### What the exercise asks
Restate exactly, and only, the lines from the one with "Metall-Steckdosenabdeckung für Niederspannung" through the end of the data, with both of those end lines kept. Drop any pictures.

### Exercise data
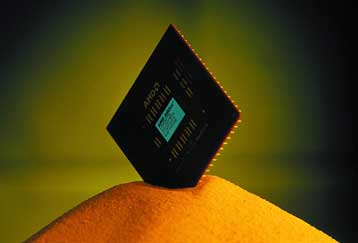 Η AMD ενδέχεται να αλλάξει το όνομα των επεξεργαστών Athlon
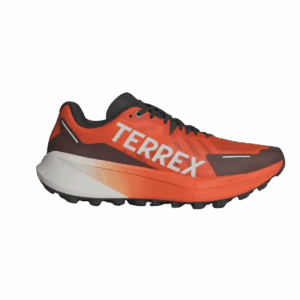 ADIDAS TERREX AGRAVIC 3 Trailschuhe Herren orange/grey one/core black 48
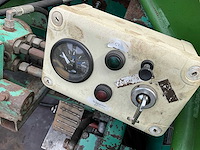 1992 conver 430h maaiboot - afbeelding 10 van  19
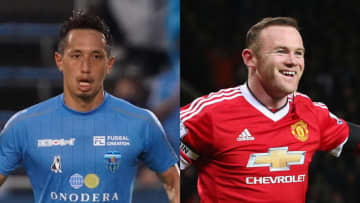 集音マイクに拾われてしまったサッカー試合中の“迷言”4選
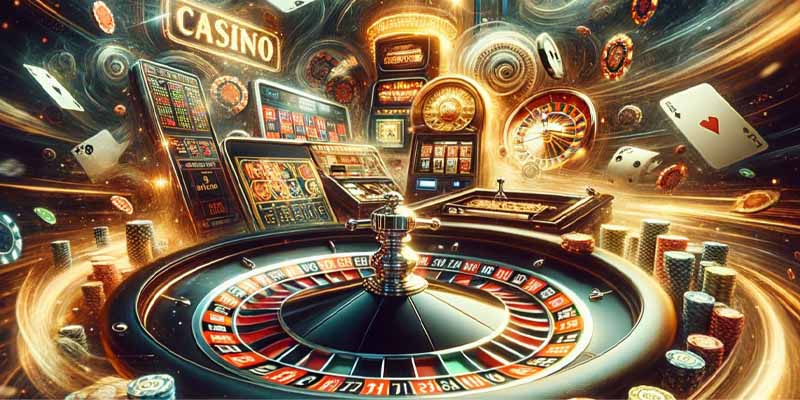Live Casino Rikvip - Trải Nghiệm Đỉnh Cao Tại Sòng Bài Ảo 1 Tổng quan sâu về hệ thống live casino rikvip và các trò chơi phong phú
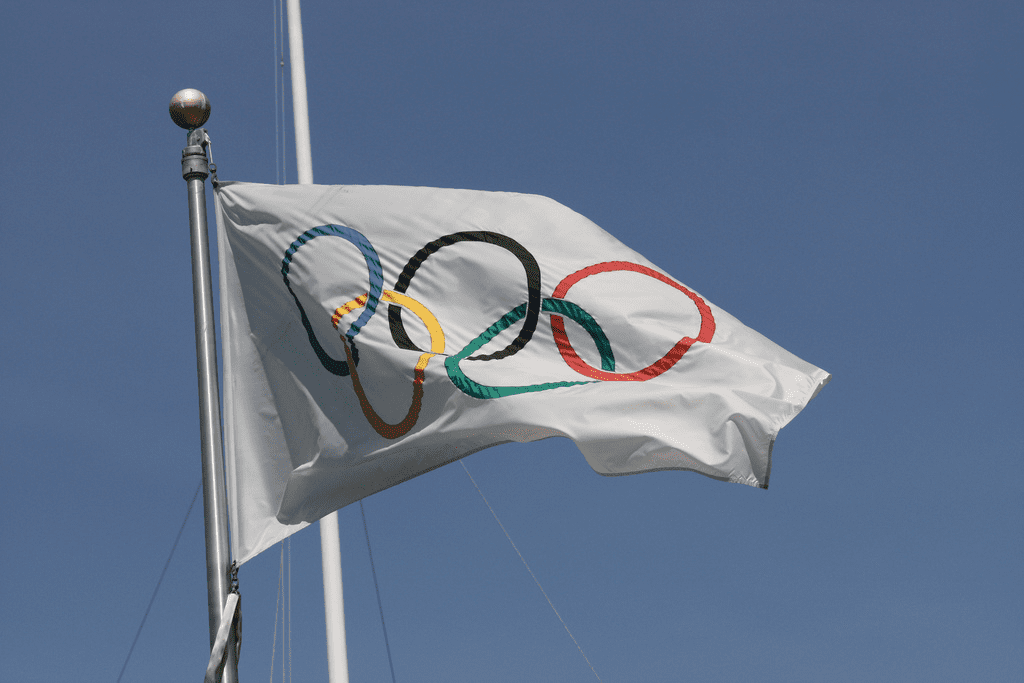 Igrzyska Olimpijskie Co To Igrzyska olimpijskie oficjalnie przełożone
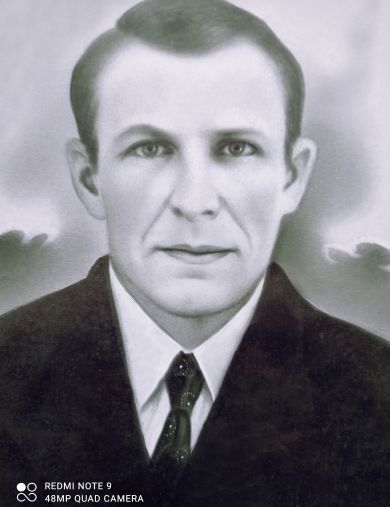 Ефимов Иван Сергеевич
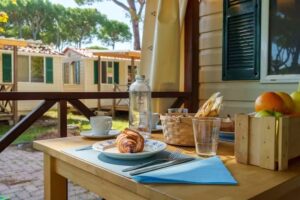 Massa Marina Camping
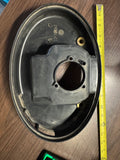Harley OEM Air Cleaner Backing Plate touring Softail dyna
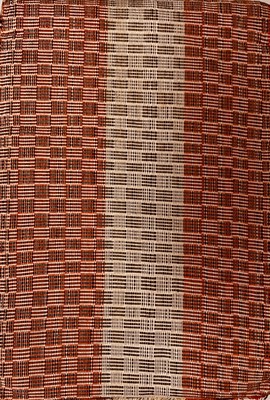 Woven fabric Nigeria 18cm / 1m MILARE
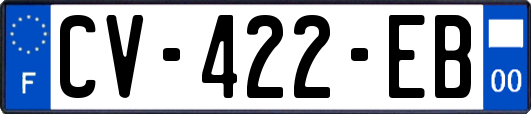 CV-422-EB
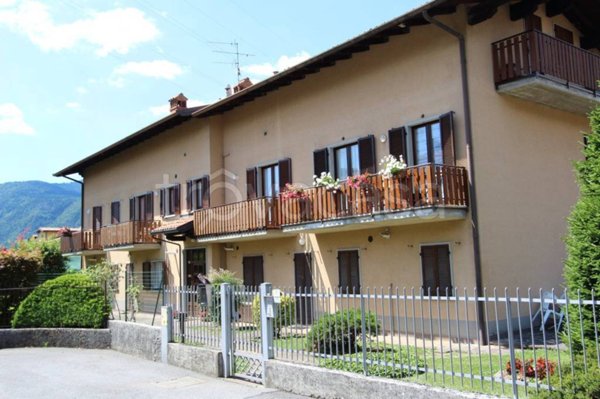 appartamento in vendita a Rovetta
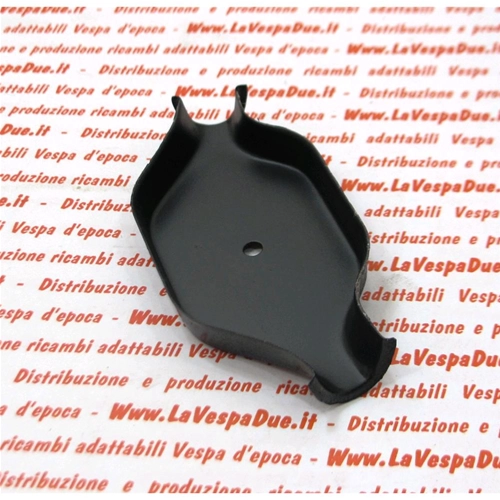 Metall-Steckdosenabdeckung für Niederspannung für VESPA 150 GS VS2 VS3 VS4 VS5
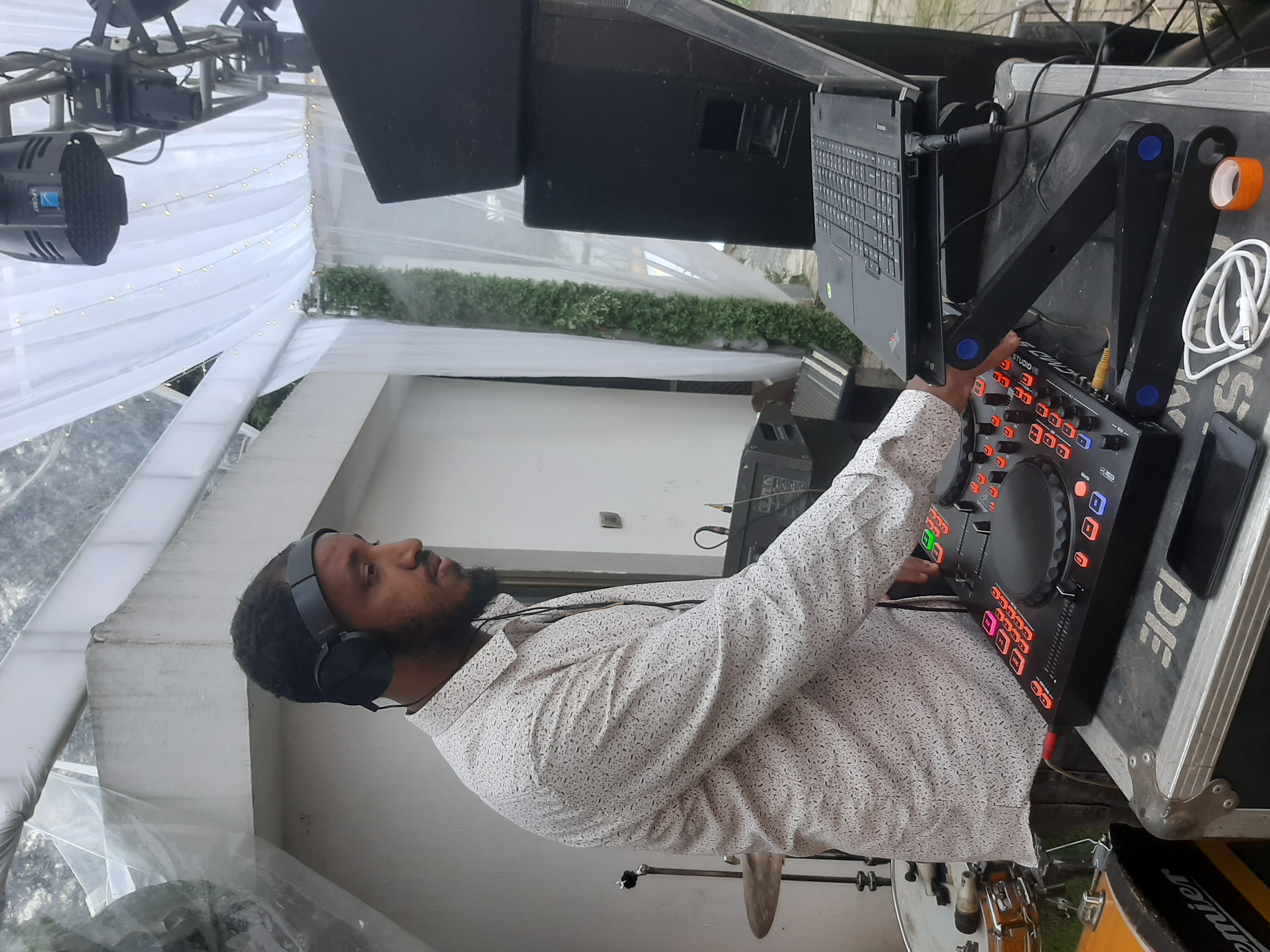 Dj Kiya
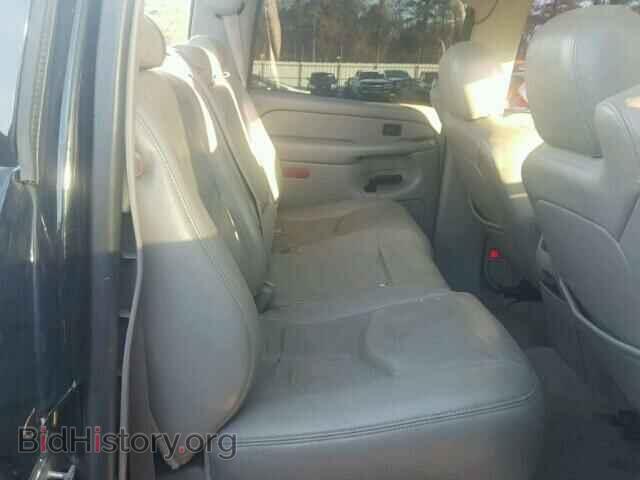 2006 CHEVROLET SILVERADO - VIN: 1GCHK23D86F205045 - Фото 6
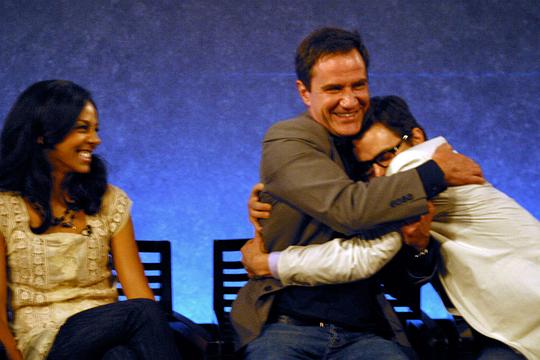 妙警贼探第二季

### Reply to the exercise
 Metall-Steckdosenabdeckung für Niederspannung für VESPA 150 GS VS2 VS3 VS4 VS5
 Dj Kiya
 2006 CHEVROLET SILVERADO - VIN: 1GCHK23D86F205045 - Фото 6
 妙警贼探第二季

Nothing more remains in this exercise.